Reared in a “respectable” middle-class English home, he was taken to church and taught its precepts. He learned little or nothing of the Bible, however, either at home or in the church attended by the family. At the age of twelve he was invited to a Bible study group of the Crusaders’ Union by a lad of thirteen who, during that year, received Christ as his Savior. The Bible began to be meaningful to young Ian, and the following summer, still twelve years old, he was converted to Christ at a Crusaders’ Union camp. That decision was made when he was alone simply by praying earnestly, “Lord Jesus, please be my Savior”! At the age of fifteen, he felt convinced that he should devote all of his life to the service of the Lord Jesus. He told God that he would become a missionary. He began to preach out in the open air at Hampstead Heath at that early age. He was also actively engaged in Sunday School work as well as in the Crusaders’ Bible class. Life became a round of ceaseless activity.
Speaking of his youthful decision to become a missionary, he said: “I began to consider the best area in which I could become a missionary and the best means I could employ to be most effective–perfectly sincere and genuine questions.” The first missionary influence upon young Ian’s life came through a doctor serving in Nigeria in the Housa Band. “First impressions are often the strongest,” related Major Thomas, and so it became his ambition one day to go an join the Housa Band in Nigeria, West Africa. He thought the best thing for him to do was to become a doctor.
At the university Ian became a leader in the Inter-Varsity Fellowship group. If ever there was any evangelistic activity going on, this youthful zealot was “buzzing around the place, every holiday, every spare moment”! He started a slum club down in the East End of London “out of a sheer desire to win souls, to go out and get them. I was a windmill of activity until, at the age of nineteen, every moment of my day was packed tight with doing things. Thus by the age of nineteen, I had been reduced to a state of complete exhaustion spiritually, until I felt that there was no point going on.”
“Then, one night in November, that year, just at midnight, I got down on my knees before God, and I just wept in sheer despair. I said, ‘Oh, God, I know that I am saved. I love Jesus Christ. I am perfectly convinced that I am converted. With all my heart I have wanted to serve Thee. I have tried to my uttermost and I am a hopeless failure.’ That night things happened. I can honestly say that I had never once heard from the lips of men the message that came to me then but God, that night simply focused upon me the Bible message of Christ Who Is Our Life. The Lord seemed to make plain to me that night, through my tears of bitterness: ‘You see, for seven years, with utmost sincerity, you have been trying to live for Me, on My behalf, the life that I have been waiting for seven years to live through you.'” That night, all in the space of an hour, Ian Thomas discovered the secret of the adventurous life. He said: “I got up the next morning to an entirely different Christian life, but I want to emphasize this: I had not received one iota more than I had already had for seven years!”

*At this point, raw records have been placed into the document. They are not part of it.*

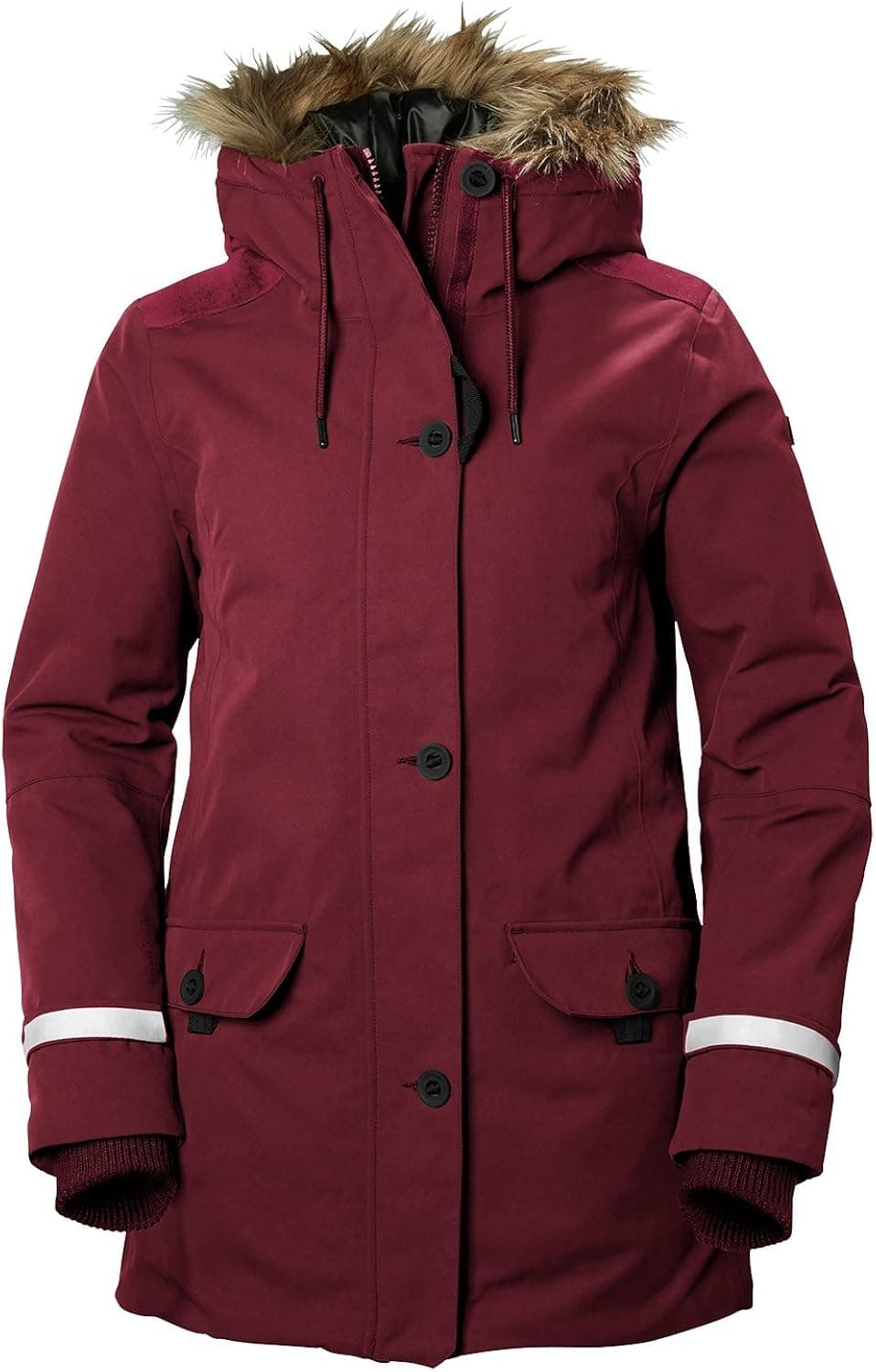 Helly-Hansen Women's Svalbard Parka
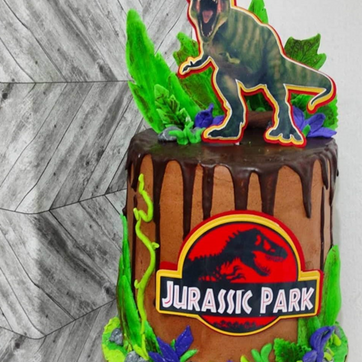 Imagen del producto jurassic park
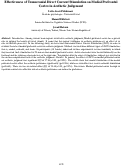 Cover page: Effectiveness of Transcranial Direct Current Stimulation on Medial Prefrontal Cortex in Aesthetic Judgement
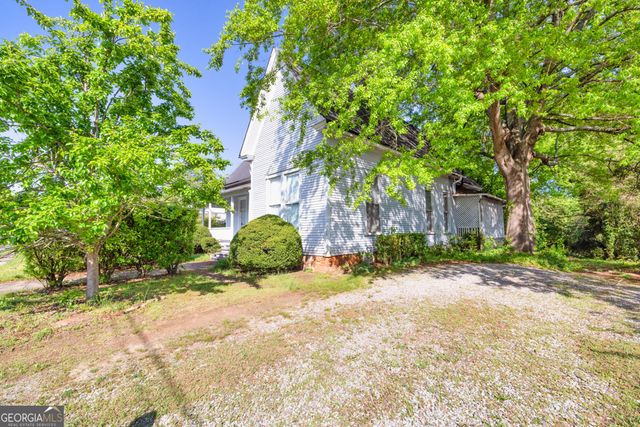 175 S McIntosh Street, Elberton, GA 30635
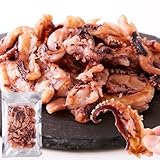 天然生活 国産いかげそ鉄板焼き (100g) 甘辛醤油風味 イカげそ 珍味 いか珍味 おつまみ お酒のお供 晩酌 アレンジ マヨネーズ 炙り 国産 イカ 烏賊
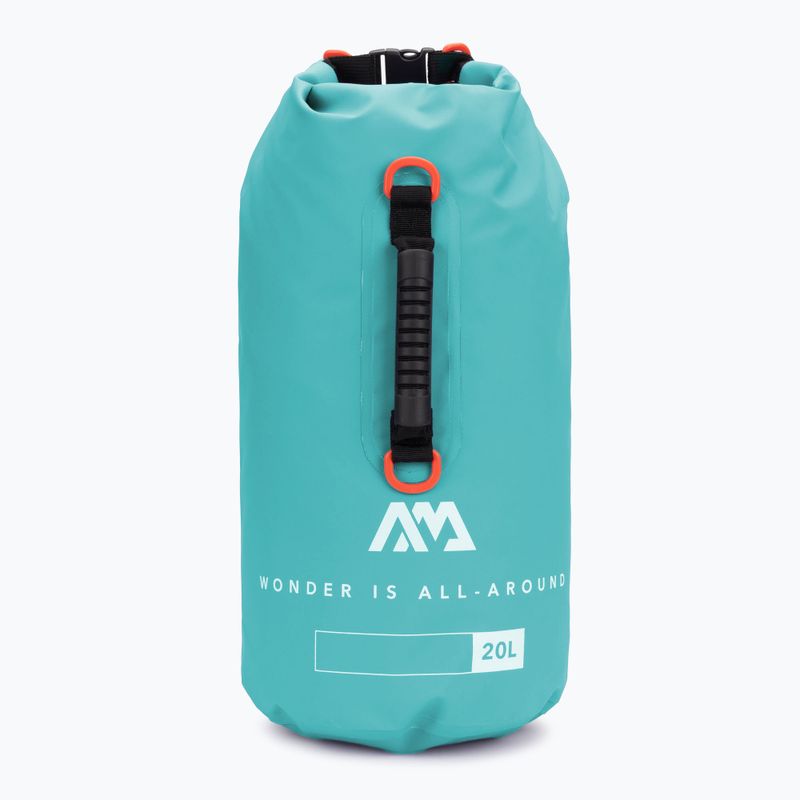 Αδιάβροχος σάκος Aqua Marina Dry Bag 20 l aqua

When he was not traveling, Major Thomas was based in Estes Park Colorado, where his wife, Joan Thomas, and his eldest son, Chris Thomas, live along with Chris’ family. All Major Thomas’ sons are spread throughout the world and are active in the Torchbearer Ministry. Chris is the Director of Torchbearers International. Mark, is the Regional Director of all the Torchbearer operations in Europe, based at Capernwray Hall, the Torchbearer Bible School near the town of Carnforth, England.

Peter is based at Monavale Homestead, the Torchbearer Bible School and Conference Center near Cambridge, New Zealand, in addition to being the Regional Director of all Torchbearer operations in Southeast Asia and the Pacific.

Major Thomas’ youngest son, Andy, is actively involved in the ministry of Torchbearers but in a different way; he is a craftsman. He has been known to say, “My brothers preach, I work”! His participation in the ministry has been of great value as he leads in the construction of nearly all the new building projects.

Major W. Ian Thomas, died in August 2007, surrounded by family and firm in the knowledge that he who began a good work, would complete it.
NOTE:  Makala Doulos is a 1985 graduate of Ravencrest (one of the Torchbearer Schools, located in Estes Park, CO).   The message of the adventurous Christian life has made all the difference for him.